Dans la forme lymphomateuse, l'évolution ressemble au tableau clinique du lymphome T aigu, mais parmi les signes, il y a une augmentation des ganglions lymphatiques. Chronique - les symptômes se développent sur une longue période, sont moins prononcés et les comorbidités ne se développent pas si la maladie ne se transforme pas en une forme aiguë.

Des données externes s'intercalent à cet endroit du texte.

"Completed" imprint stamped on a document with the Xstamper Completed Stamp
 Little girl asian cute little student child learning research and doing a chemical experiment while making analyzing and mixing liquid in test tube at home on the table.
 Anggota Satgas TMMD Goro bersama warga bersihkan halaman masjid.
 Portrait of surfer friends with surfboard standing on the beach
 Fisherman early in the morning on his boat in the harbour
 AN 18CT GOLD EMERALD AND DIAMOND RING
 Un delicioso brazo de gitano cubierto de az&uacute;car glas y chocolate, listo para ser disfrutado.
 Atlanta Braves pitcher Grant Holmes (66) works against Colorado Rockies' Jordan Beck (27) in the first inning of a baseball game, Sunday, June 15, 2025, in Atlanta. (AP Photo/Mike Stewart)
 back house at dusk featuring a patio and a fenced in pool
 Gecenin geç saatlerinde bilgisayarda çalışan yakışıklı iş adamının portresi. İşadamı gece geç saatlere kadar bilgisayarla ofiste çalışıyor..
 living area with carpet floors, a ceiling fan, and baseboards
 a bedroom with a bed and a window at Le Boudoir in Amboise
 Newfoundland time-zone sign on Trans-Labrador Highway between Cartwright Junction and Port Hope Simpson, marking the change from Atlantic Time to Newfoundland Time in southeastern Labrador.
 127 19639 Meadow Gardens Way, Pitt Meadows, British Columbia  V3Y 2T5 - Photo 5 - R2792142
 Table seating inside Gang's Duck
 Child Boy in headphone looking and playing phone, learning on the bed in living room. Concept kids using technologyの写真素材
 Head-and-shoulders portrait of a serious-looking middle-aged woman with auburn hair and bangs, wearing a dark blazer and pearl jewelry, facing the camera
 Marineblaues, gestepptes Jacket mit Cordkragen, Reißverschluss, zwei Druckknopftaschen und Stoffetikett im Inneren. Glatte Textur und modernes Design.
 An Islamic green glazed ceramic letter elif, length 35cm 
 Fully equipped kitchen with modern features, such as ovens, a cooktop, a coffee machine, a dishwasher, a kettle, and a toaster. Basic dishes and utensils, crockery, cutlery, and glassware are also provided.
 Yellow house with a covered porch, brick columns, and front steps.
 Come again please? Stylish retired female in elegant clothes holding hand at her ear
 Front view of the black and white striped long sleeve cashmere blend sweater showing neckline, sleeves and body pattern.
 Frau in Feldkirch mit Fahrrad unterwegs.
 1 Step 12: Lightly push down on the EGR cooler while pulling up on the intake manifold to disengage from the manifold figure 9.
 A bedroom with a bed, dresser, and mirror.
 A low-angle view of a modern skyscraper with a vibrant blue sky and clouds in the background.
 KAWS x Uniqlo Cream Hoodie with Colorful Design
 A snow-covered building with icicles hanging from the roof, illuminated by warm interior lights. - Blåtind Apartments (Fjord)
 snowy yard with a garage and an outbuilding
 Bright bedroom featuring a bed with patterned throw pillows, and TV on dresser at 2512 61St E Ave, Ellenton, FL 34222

Enfin, la forme incandescente est une variante rare de la pathologie. Un tel lymphome T survient chez 5 patients sur 100. Le processus tumoral n'est pas aussi rapide que dans d'autres formes de la maladie, mais affecte la peau et le système pulmonaire.

Groupes et facteurs de risque

Sur la base des caractéristiques de développement, de localisation et de symptômes, le lymphome à cellules T comporte de nombreuses options et sous-espèces, qui sont généralement combinées dans plusieurs groupes.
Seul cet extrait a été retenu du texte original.